Bug #10586
closedPython keep client (CollectionWriter) appears to deadlock
Description
Some of the jobs across our cluster (those that are neither stuck due to #10585 nor one of the handful that are still running) appear to be stuck in our python crunch script in one of the calls to arvados.CollectionWriter()
Our crunch script is stuck after printing "...writing output to keep" but before "...validating it", which means it is in one of these three calls: https://github.com/wtsi-hgi/arvados-pipelines/blob/master/crunch_scripts/gatk-haplotypecaller-cram.py#L73-L80
It seems likely that issue 10585 and this one could be due to the same underlying issue, which would be some sort of deadlock in the Python keep client, assuming that arv-mount has some supervisor process that eventually notices things are hung and kills them off (whereas our crunch script doesn't have that).
Related issues
Updated by Tom Morris almost 8 years ago
- Subject changed from python keep client appears to deadlock to Python keep client (CollectionWriter) appears to deadlock
- Target version set to 2016-12-14 sprint
Updated by Tom Clegg almost 8 years ago
10586-writer-pool-deadlock
Updated by Peter Amstutz almost 8 years ago
I would feel better if this exit path also called self.pending_tries_notification.notify_all()

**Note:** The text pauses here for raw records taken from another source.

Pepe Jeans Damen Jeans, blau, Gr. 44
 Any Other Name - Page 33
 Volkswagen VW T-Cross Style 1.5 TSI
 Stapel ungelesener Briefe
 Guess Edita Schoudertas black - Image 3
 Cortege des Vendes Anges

(or maybe wrap the whole method in a try/finally that calls notify_all()
) since spurious wakeups are preferrable to spurious deadlocks.
keep.py:529
if self.pending_copies() < 1: # Drain the queue and then raise Queue.Empty while True: self.get_nowait() self.task_done()
This should be if e is not self.TaskFailed
("is" is the object identity operator in Python).
keep.py:598
except Exception as e: if e != self.TaskFailed: _logger.exception("Exception in KeepWriterThread")
This method is supposed to return a 2-tuple, but if service.finished()
it will return None
, which will raise an iteration error when it tries to unpack into locator, copies
(maybe you want this to raise TaskFailed
?)
keep.py:606
def do_task(self, service, service_root): if service.finished(): return
Updated by Tom Clegg almost 8 years ago
Peter Amstutz wrote:
I would feel better if this exit path also called
self.pending_tries_notification.notify_all()
(or maybe wrap the whole method in a try/finally that callsnotify_all()
) since spurious wakeups are preferrable to spurious deadlocks.keep.py:529
[...]
It's impossible for any other thread to be stuck in wait() at this point, because write_success() has already called notify_all() after pending_copies() dropped to zero (or it was always zero, in which case no thread could have even called wait()). But I agree that an extra notify_all() is cheap insurance so I've added that.
This should be
if e is not self.TaskFailed
("is" is the object identity operator in Python).keep.py:598
[...]
Fixed.
This method is supposed to return a 2-tuple, but
if service.finished()
it will returnNone
, which will raise an iteration error when it tries to unpack intolocator, copies
(maybe you want this to raiseTaskFailed
?)keep.py:606
[...]
Indeed. Fixed this by addressing it back in get_next_task(), so we don't pile on more "last result was an error" outcomes after a service starts reporting finished() (which includes "success"!).
Updated by Peter Amstutz almost 8 years ago
10586-writer-pool-deadlock LGTM @ e4664336c420836bf26f423faf2af9316302da93
Updated by Tom Clegg almost 8 years ago
- Status changed from Feedback to Resolved
Can't be certain that the reported deadlock is the one that got fixed, but it seems likely enough, so closing.